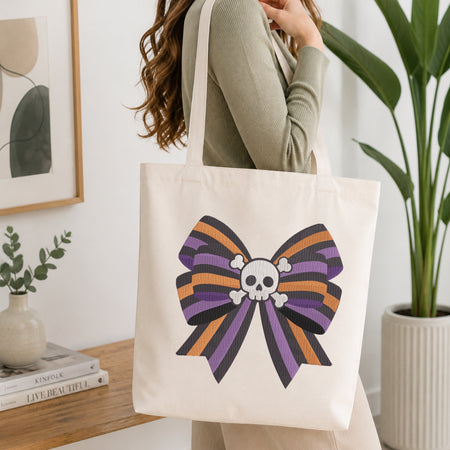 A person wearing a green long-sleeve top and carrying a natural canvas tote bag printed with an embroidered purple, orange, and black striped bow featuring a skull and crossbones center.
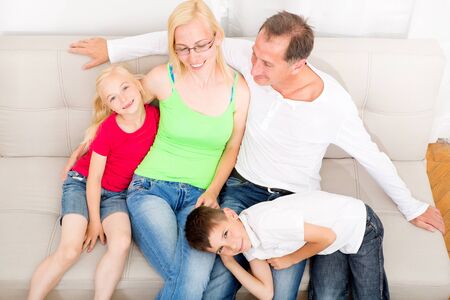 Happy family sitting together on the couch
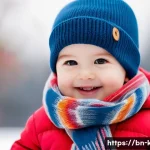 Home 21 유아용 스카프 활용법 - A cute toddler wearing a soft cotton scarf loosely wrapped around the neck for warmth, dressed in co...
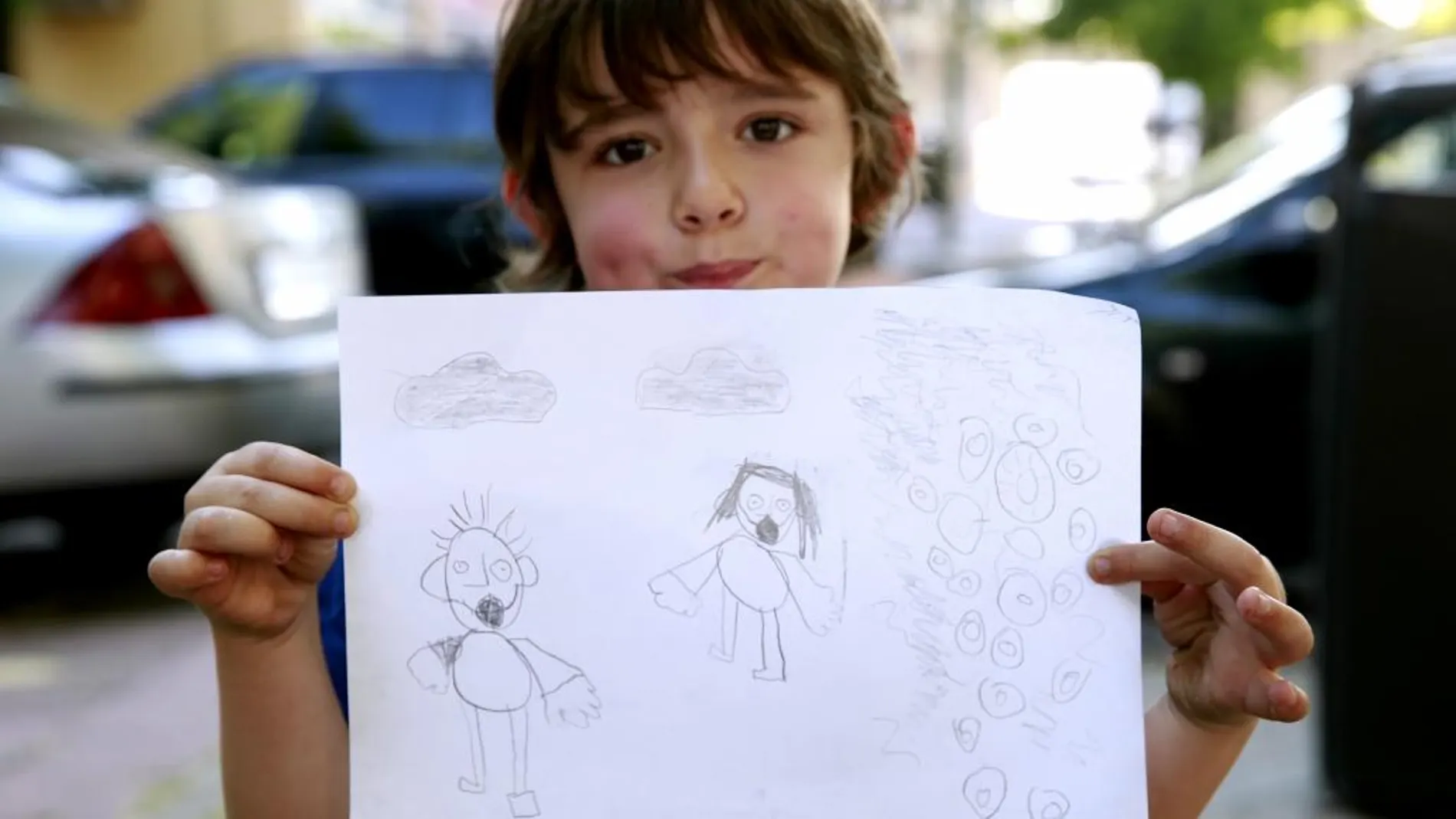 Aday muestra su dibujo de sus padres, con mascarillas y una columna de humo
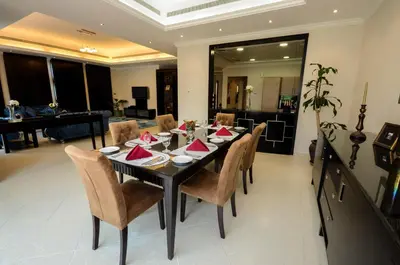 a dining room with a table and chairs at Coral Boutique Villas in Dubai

------------------------------

> [WORK INSTRUCTIONS]:
Give back the data exactly. Skip any images.

> [SOLUTION TO THIS EXERCISE]:
 A person wearing a green long-sleeve top and carrying a natural canvas tote bag printed with an embroidered purple, orange, and black striped bow featuring a skull and crossbones center.
 Happy family sitting together on the couch
 Home 21 유아용 스카프 활용법 - A cute toddler wearing a soft cotton scarf loosely wrapped around the neck for warmth, dressed in co...
 Aday muestra su dibujo de sus padres, con mascarillas y una columna de humo
 a dining room with a table and chairs at Coral Boutique Villas in Dubai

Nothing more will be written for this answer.